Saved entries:
★ ★ ★

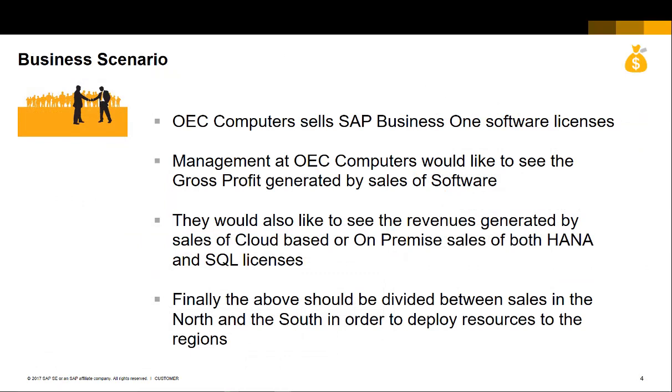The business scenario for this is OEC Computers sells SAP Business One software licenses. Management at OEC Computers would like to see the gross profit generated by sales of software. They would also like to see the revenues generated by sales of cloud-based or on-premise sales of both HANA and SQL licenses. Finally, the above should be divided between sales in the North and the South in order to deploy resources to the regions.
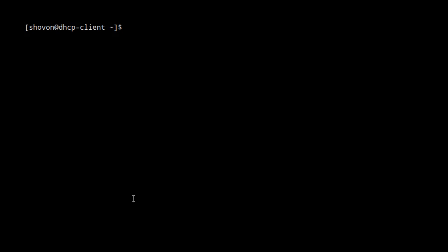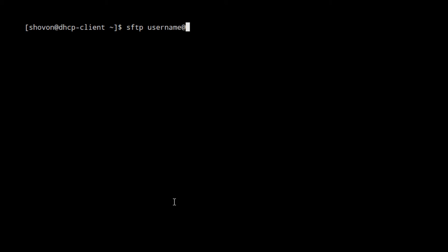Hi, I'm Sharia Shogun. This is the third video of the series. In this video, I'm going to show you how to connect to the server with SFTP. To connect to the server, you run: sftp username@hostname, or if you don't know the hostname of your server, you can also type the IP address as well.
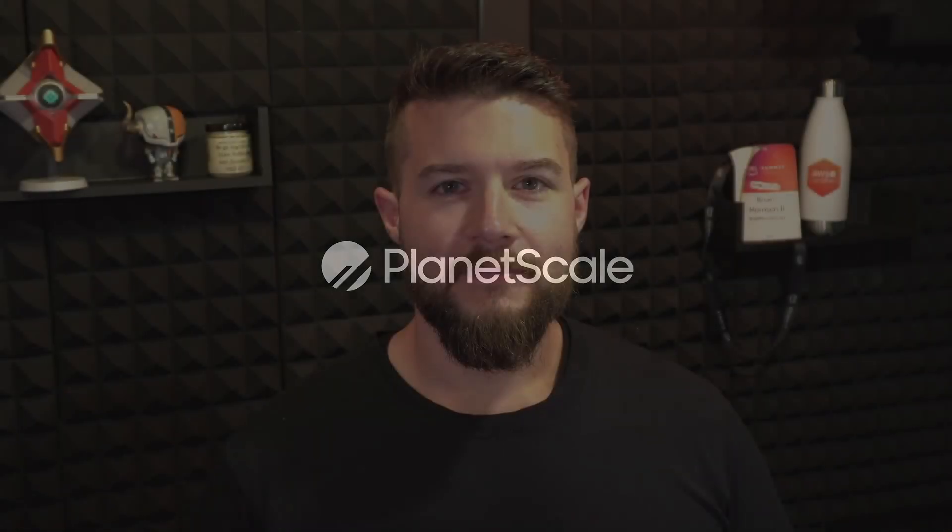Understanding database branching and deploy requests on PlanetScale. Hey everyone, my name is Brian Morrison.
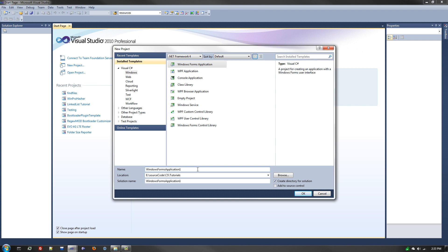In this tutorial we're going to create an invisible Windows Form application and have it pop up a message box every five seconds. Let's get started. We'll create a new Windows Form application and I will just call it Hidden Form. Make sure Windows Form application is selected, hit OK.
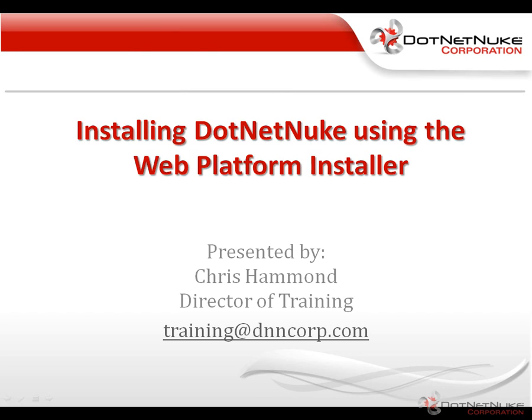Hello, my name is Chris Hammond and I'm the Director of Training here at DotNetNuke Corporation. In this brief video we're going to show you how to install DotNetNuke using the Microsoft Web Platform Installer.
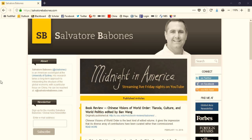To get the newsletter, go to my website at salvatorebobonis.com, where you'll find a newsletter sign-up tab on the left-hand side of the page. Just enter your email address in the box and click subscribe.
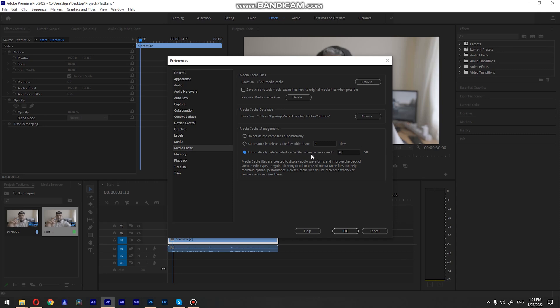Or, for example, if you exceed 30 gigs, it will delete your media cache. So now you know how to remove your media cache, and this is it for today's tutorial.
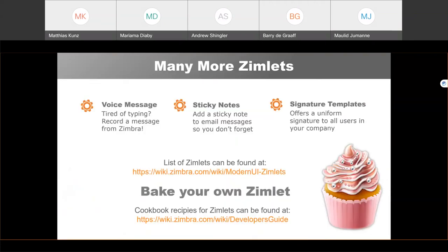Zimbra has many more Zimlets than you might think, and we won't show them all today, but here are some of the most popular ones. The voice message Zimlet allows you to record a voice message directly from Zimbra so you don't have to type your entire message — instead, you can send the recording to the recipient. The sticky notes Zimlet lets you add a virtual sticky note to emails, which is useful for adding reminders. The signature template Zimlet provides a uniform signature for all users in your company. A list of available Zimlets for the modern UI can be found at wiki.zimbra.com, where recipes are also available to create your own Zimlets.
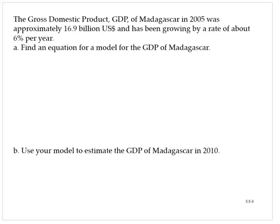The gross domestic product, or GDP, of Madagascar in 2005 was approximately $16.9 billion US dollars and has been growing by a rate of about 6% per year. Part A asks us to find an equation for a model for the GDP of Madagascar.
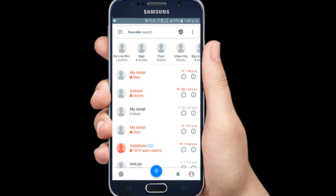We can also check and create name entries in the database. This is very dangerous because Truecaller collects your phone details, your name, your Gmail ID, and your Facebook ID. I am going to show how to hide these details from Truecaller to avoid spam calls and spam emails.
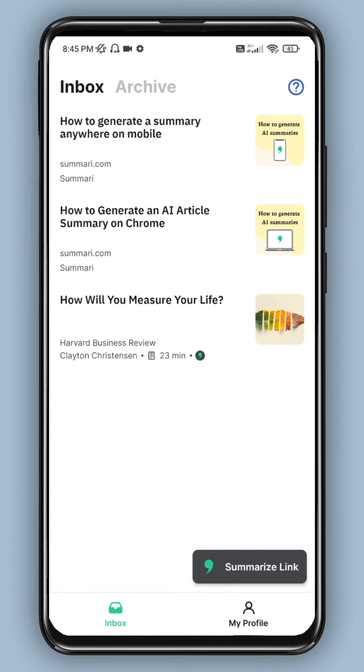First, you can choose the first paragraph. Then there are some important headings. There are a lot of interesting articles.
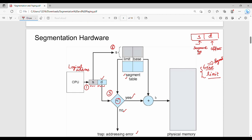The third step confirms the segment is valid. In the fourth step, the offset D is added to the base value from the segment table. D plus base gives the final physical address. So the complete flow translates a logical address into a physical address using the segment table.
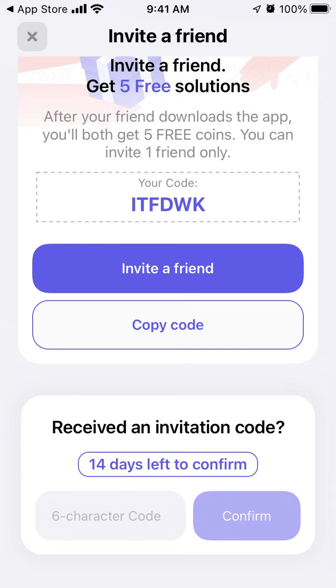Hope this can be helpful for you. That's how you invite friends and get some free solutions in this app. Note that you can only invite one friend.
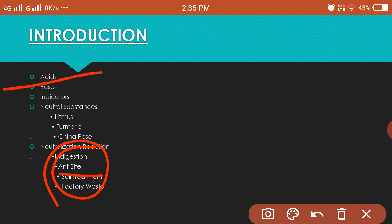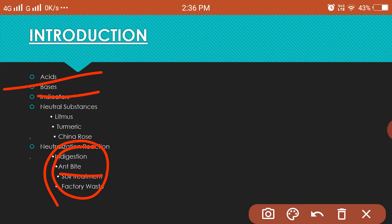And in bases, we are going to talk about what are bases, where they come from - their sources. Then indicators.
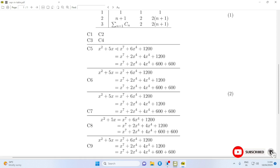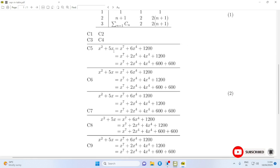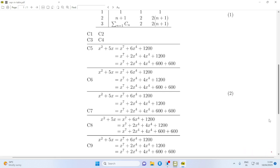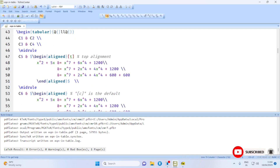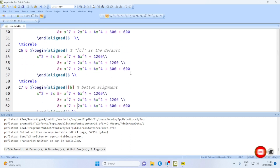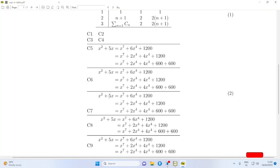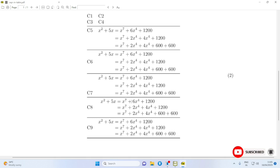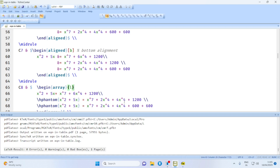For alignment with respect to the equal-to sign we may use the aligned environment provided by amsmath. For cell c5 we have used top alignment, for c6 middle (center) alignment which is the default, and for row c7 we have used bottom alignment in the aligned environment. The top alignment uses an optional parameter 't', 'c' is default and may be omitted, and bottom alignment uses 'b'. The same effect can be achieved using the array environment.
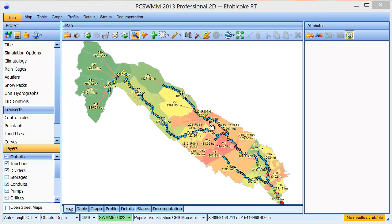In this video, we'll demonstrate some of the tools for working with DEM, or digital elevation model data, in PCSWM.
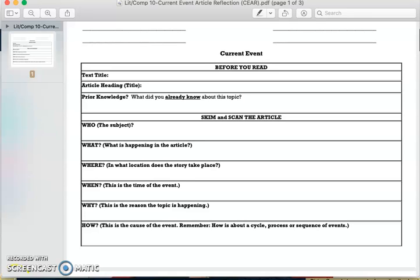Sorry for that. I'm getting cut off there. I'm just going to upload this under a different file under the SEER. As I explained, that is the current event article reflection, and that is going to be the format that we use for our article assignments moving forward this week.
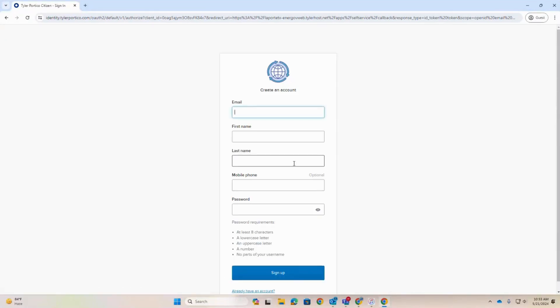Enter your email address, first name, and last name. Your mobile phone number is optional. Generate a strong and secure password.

★ ★ ★

* Required work *
None of the pictures belong in the result. Print exactly the lines from the one containing "In this video, we'll" through the final line of the entries.

* Exercise result *
In this video, we'll demonstrate some of the tools for working with DEM, or digital elevation model data, in PCSWM.
Sorry for that. I'm getting cut off there. I'm just going to upload this under a different file under the SEER. As I explained, that is the current event article reflection, and that is going to be the format that we use for our article assignments moving forward this week.
Enter your email address, first name, and last name. Your mobile phone number is optional. Generate a strong and secure password.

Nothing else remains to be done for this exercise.